Il ponte di Mostar e il ponte sulla Drina: storie di appartenenze
Descrizione e narrazione di questo film sono armonizzate in modo tale da trasmettere il significato autentico dello Stari Most nella quotidianità degli abitanti di Mostar, di cui era ed è un simbolo insostituibile. Come Il ponte sulla Drina di Ivo Andric, nel romanzo che ne porta il nome. Così lo scrittore bosniaco descrive la condizione di ognuno dopo la ricostruzione del ponte:
“Ogni abitante della cittadina, anche il più umile, aveva l’impressione che le sue capacità e le sue energie si fossero di colpo moltiplicate; come se un’impresa grande, meravigliosa e sovrumana fosse diventata accessibile, calata nei confini del suo universo quotidiano; come se accanto agli elementi fino ad allora conosciuti — terra, acqua, cielo — ne fosse stato scoperto uno nuovo; come se, grazie all’opera benedetta di un individuo, fosse stato reso concreto uno dei desideri più profondi, il sogno antico dell’umanità: camminare sopra le acque e dominare lo spazio”.
Ivo Andric esprime il legame condiviso tra l’uomo e il ponte sulla Drina, tra l’uomo e la sua città. Nel suo caso si tratta di Visegrad, la cittadina bosniaca con un ponte architettonicamente più bello e una storia ancora più complessa, ma l’investimento identitario è molto simile agli abitanti di Mostar. Uguale la voglia di riscatto di cui nel tempo è diventato l’emblema.
Nessuno di loro vorrebbe lasciarlo per emigrare, ma molti sono costretti a farlo. Pesa su tutti una situazione sociale che non migliora, la ripresa, dopo la guerra, che stenta a ripartire.
Resa del film che va oltre il folklore
Daniele Babbo è riuscito a cogliere tutto questo, andando ben oltre il folklore dei tuffi giornalieri per i turisti, ai quali si chiedono offerte libere. Monetine contate insieme per essere poi suddivise. Andando oltre anche al folklore della gara annuale, che diventa una festa per tutta la città e attrazione dei visitatori. Si vede che con i tuffatori ha passato del tempo, a dare naturalezza al racconto dei momenti comuni e a quelli soggettivi che si fanno struggenti.

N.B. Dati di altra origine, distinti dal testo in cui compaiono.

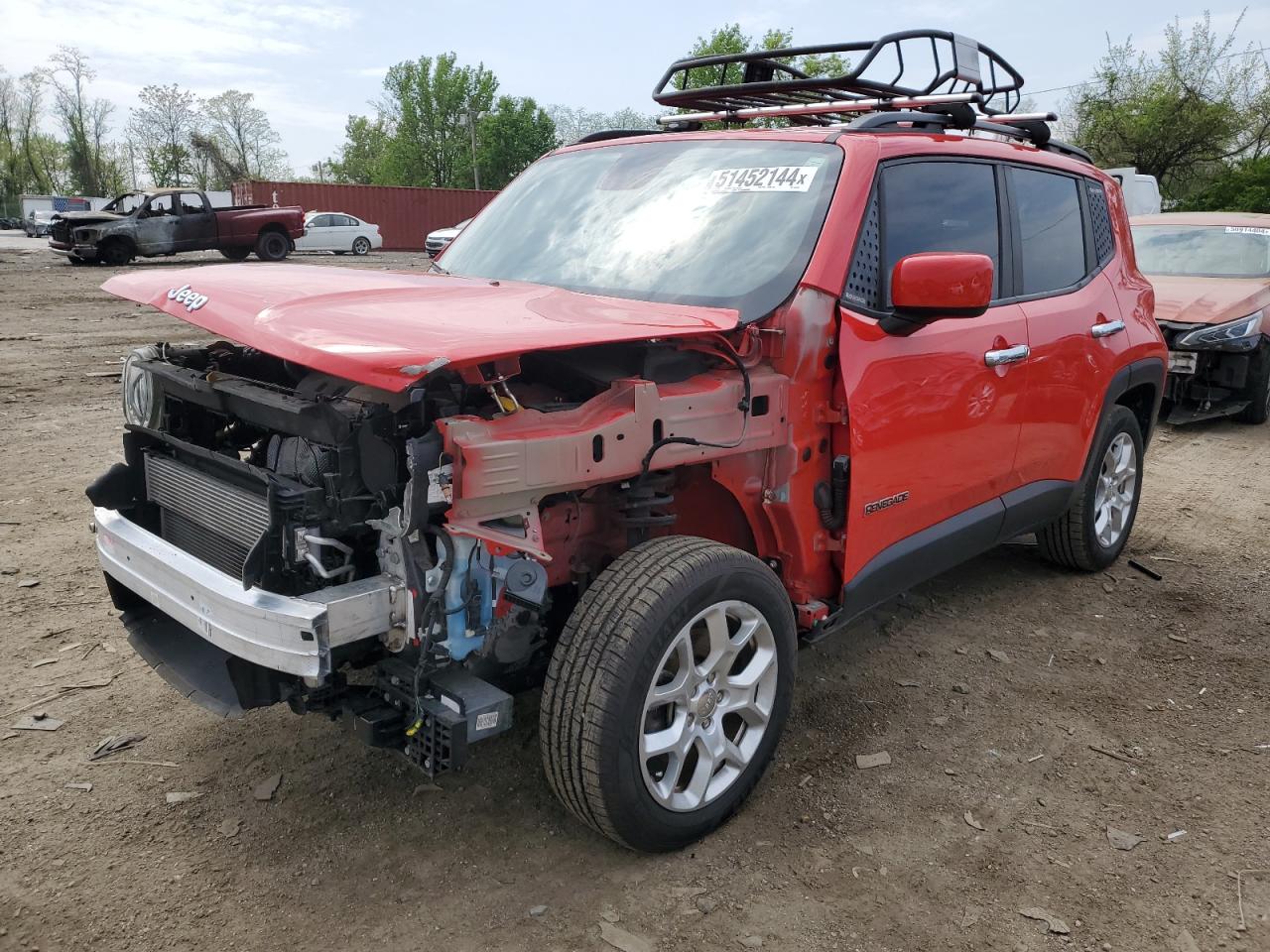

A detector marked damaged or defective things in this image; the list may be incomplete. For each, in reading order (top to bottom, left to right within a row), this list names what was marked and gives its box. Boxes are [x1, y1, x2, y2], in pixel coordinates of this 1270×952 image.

wrecked red car [86, 30, 1163, 853]
damaged front end [1158, 310, 1264, 423]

“Mi hanno accettato come uno di loro, così mi sono ritrovato a raccontarli dall’interno, girando il più possibile, nel corso degli ultimi quattro anni. Mi sono apparsi così come un vero simbolo della loro città e del loro paese, uomini che portano nella loro mente e nei loro corpi i segni delle generazioni e della loro storia.”